**WHAT THE TASK REQUIRES:** A faithful copy of each entry below is expected, with the images removed.

===== INPUT

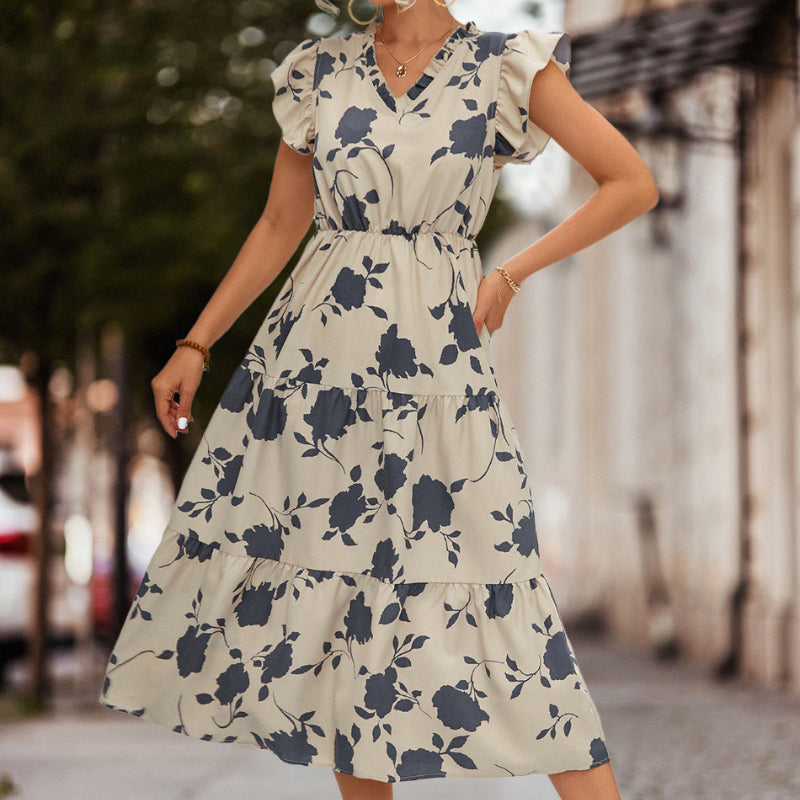 Flowy A-line summer dress for women, featuring trendy puff short sleeves and a distinct color detail.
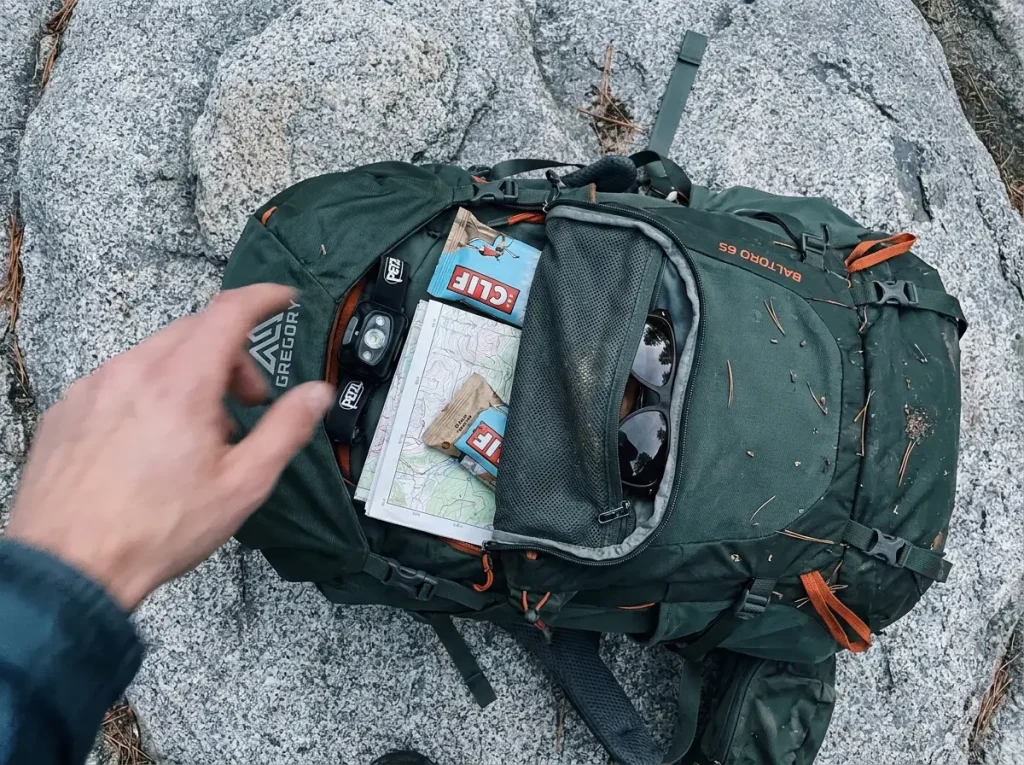 Top-down view of a Gregory Baltoro brain lid unzipped showing headlamp, map and snacks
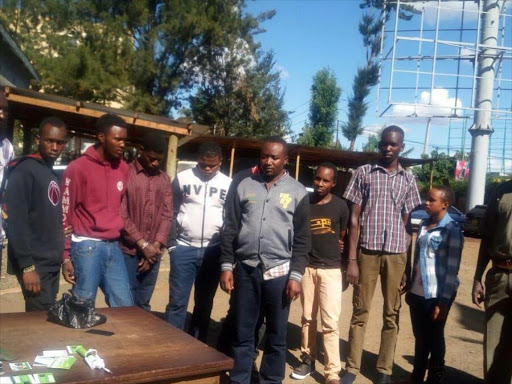 Some of suspected M-Pesa fraudsters who were arrested in Eldoret on March 29, 2017. /MATHEWS NDANYI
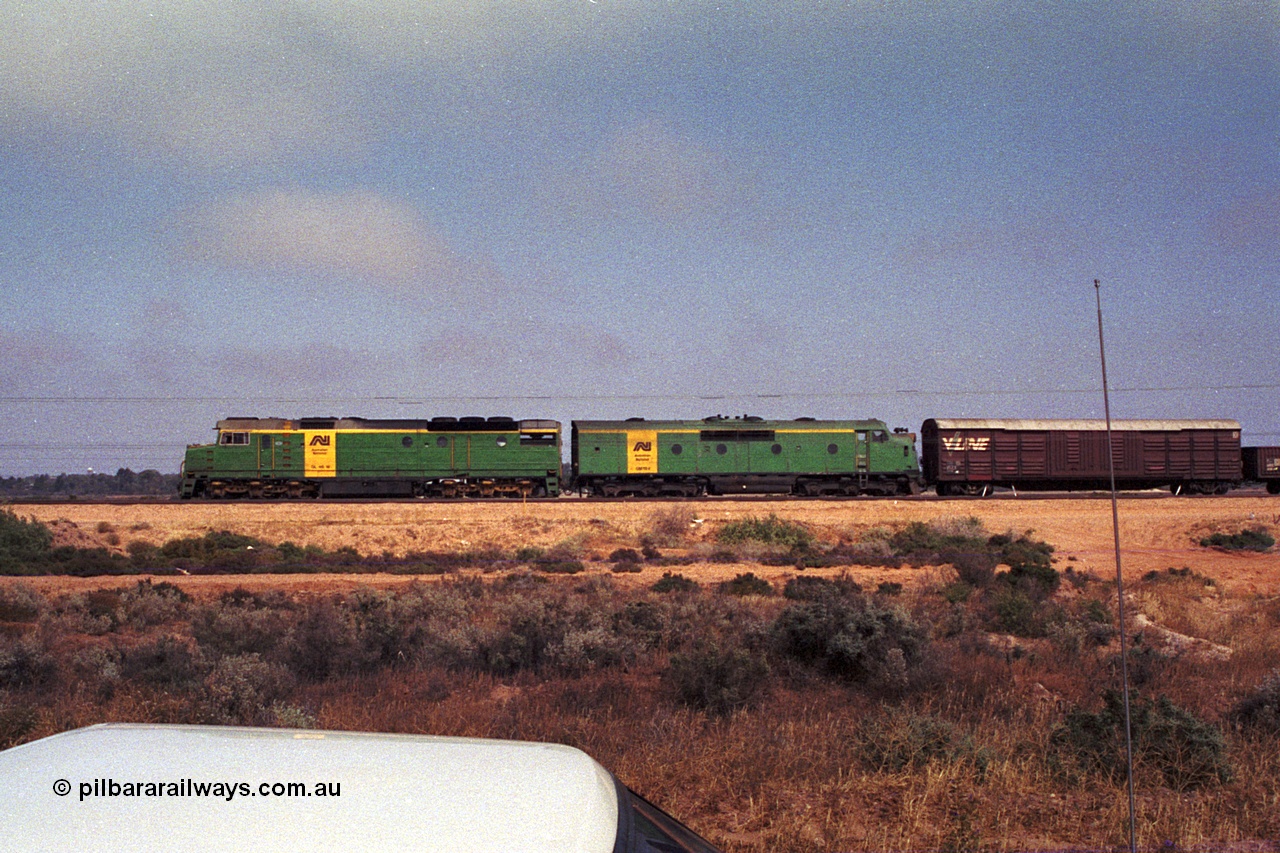 215-04
Port Augusta, side view of AN livered DL class DL 46 Clyde Engineering EMD model AT42C serial 88-1254 and GM class GM 18 Clyde Engineering EMD model A16C serial 57-139.
Keywords: DL-class;DL46;Clyde-Engineering-Kelso-NSW;EMD;AT42C;88-1254;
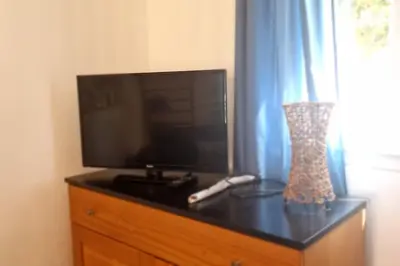 a flat screen tv sitting on top of a dresser at Villa La Casa de Giuseppe in Cervione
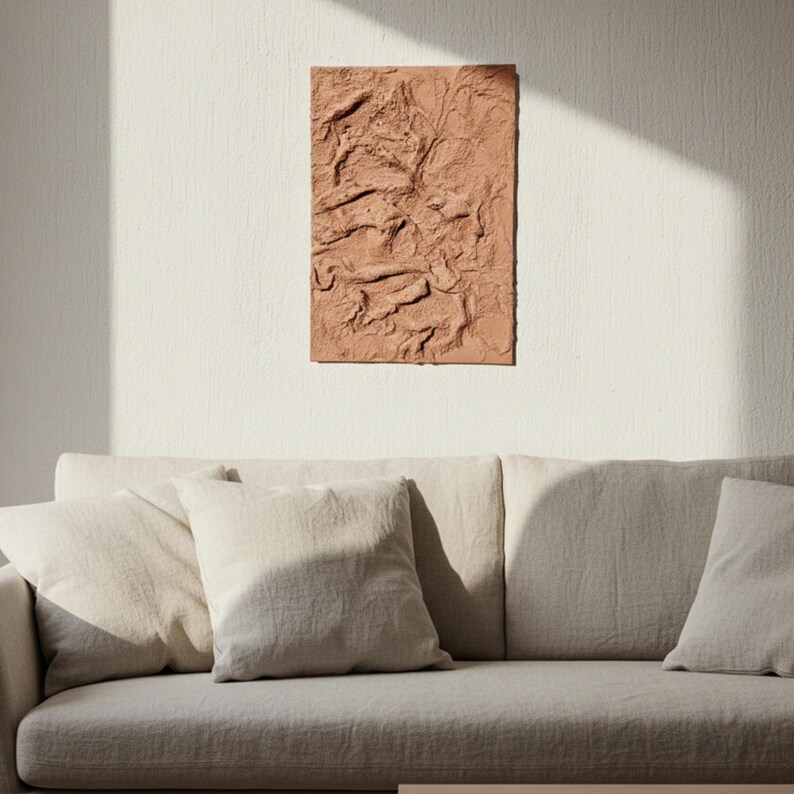 May include: A terracotta-coloured, textured rectangular wall art piece is displayed above a neutral sofa with cushions. The artwork features a raised, organic design, adding visual interest. The room is illuminated by natural light, creating a warm atmosphere.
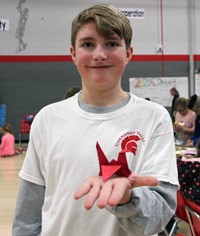 student holding origami item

==========

**THE ANSWER:**
 Flowy A-line summer dress for women, featuring trendy puff short sleeves and a distinct color detail.
 Top-down view of a Gregory Baltoro brain lid unzipped showing headlamp, map and snacks
 Some of suspected M-Pesa fraudsters who were arrested in Eldoret on March 29, 2017. /MATHEWS NDANYI
 215-04
Port Augusta, side view of AN livered DL class DL 46 Clyde Engineering EMD model AT42C serial 88-1254 and GM class GM 18 Clyde Engineering EMD model A16C serial 57-139.
Keywords: DL-class;DL46;Clyde-Engineering-Kelso-NSW;EMD;AT42C;88-1254;
 a flat screen tv sitting on top of a dresser at Villa La Casa de Giuseppe in Cervione
 May include: A terracotta-coloured, textured rectangular wall art piece is displayed above a neutral sofa with cushions. The artwork features a raised, organic design, adding visual interest. The room is illuminated by natural light, creating a warm atmosphere.
 student holding origami item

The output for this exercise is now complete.